■ **Information supplied**:
_ _ _ _ _ _ _

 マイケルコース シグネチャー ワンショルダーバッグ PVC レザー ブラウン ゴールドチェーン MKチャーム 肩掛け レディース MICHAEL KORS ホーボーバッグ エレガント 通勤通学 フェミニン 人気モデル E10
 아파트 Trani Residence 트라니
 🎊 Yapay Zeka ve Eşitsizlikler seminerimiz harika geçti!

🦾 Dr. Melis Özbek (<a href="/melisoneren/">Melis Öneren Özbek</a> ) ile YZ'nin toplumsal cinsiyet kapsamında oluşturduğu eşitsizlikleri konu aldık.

_ _ _ _ _ _ _

■ **Exercise directions**:
Copy every line of the data above exactly.

■ **Response to this task**:
 マイケルコース シグネチャー ワンショルダーバッグ PVC レザー ブラウン ゴールドチェーン MKチャーム 肩掛け レディース MICHAEL KORS ホーボーバッグ エレガント 通勤通学 フェミニン 人気モデル E10
 아파트 Trani Residence 트라니
 🎊 Yapay Zeka ve Eşitsizlikler seminerimiz harika geçti!

🦾 Dr. Melis Özbek (<a href="/melisoneren/">Melis Öneren Özbek</a> ) ile YZ'nin toplumsal cinsiyet kapsamında oluşturduğu eşitsizlikleri konu aldık.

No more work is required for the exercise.